Food shelves are now mandated to stock emergency supplies of kosher and halal food, as long as it doesn't cost more than its non-kosher counterparts.
The AP has an insipid article on a new federal law that requires the USDA to make sure that food shelves in areas with large Jewish or Muslim populations have adequate supplies of kosher or halal food – as long as its base cost is no more than equivalent non-kosher or non-halal food.
This means food shelves will have tuna and salmon with standard kosher supervision, like that from the OU, but almost certainly not beef or chicken or lamb.
What makes the AP's article so weak are two things;
1. It's reporter's complete lack of understanding of food production and related costs.
2. It's reporter's and editors' complete failure to know the background of the people they interviewed.
So the AP interviewed the new CEO of the Metropolitan Council on Jewish Poverty without ever mentioning the nonprofit's previous CEO, William E. Rapfogel; its top organizational consultant and former CEO Rabbi David Cohen; another top Met Council executive; and the Met Council's hasidic insurance broker, Joseph "Yossi" Ross; stole at minimum $7 million from the New York City Jewish Community's anti-poverty arm – money that should have been used to feed or house the poor.
But even though though the guilty pleas of Rapfogel and Cohen were big news last week, the AP's reporter and its editors appear not to be aware of them – or of the entire scandal:
…The New York City-based Metropolitan Council on Jewish Poverty, which says it operates the nation’s largest kosher food pantry, expressed a desire to distribute kosher canned salmon. Agriculture officials say market research suggests the price should be comparable to non-kosher salmon already offered to the federal Emergency Food Assistance Program, and the agency expects to start deliveries in July.
The Jewish philanthropic organization, which worked with lawmakers on the farm bill provision, praised the government’s efforts but acknowledged it won’t meet every need. Chief executive David Frankel believes some items, such as canned vegetables and tuna, will be available but he doesn’t expect chicken to meet the price requirement because it’s more labor intensive.
“We recognize it would be hard to ask the government to go out and buy more expensive food,” said Frankel, who oversees a pantry that provides food packages to 15,000 households each month.…
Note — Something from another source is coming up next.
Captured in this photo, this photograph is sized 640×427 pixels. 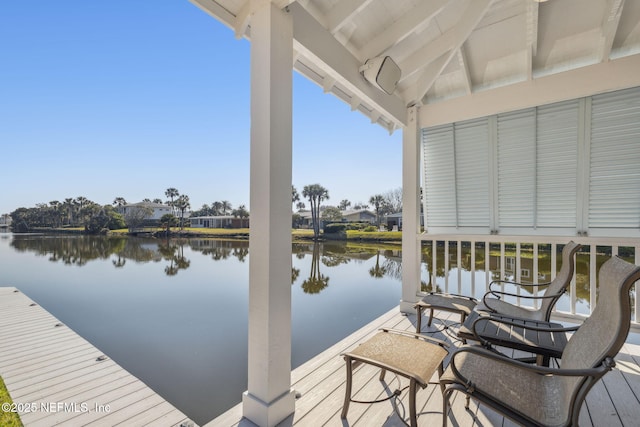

The money Rapfogel, Cohen, Ross, etc., stole came from city, state and federal government.
Those thefts took food and shelter away from poor people.
Neither fact is mentioned in the article.
Many donors lack confidence in the Met Council and the nonprofit's ability to run its programs has been justifiably hurt as a result.
The Met Council's food distribution has been cut and the nonprofit fired five top mid-level employees early this month when it was no longer able to pay them.
The AP doesn't mention that, either.
Yet the AP, when looking for a Jewish nonprofit to quote, went to the Met Council.
Why?
The Met Council was one of the organizations that asked the USDA to change the way it operates in order to make sure food shelves had kosher food.
And the AP's article is datelined Detroit. And the sad truth is that outside of New York City and to a lesser extent Chicago, Jewish communities do very little for the poor, Jewish or non-Jewish. They lack food shelves and shelters and pretty much every else poor people often need to rely on.
This doesn't mean there aren't poor Jews – there are.
What it means is that the Jewish community does a very poor job of helping them.
So the AP's reporter wouldn't have had an easy local phone number to call for a quote.
There are far better choices in New York City than the Met Council to talk to about this new law – Masbia or Bnai Raphael, to name two.
To write a story about poverty and food and to quote the Met Council without mentioning the millions of dollars its top leaders stole from the poor is inexcusable.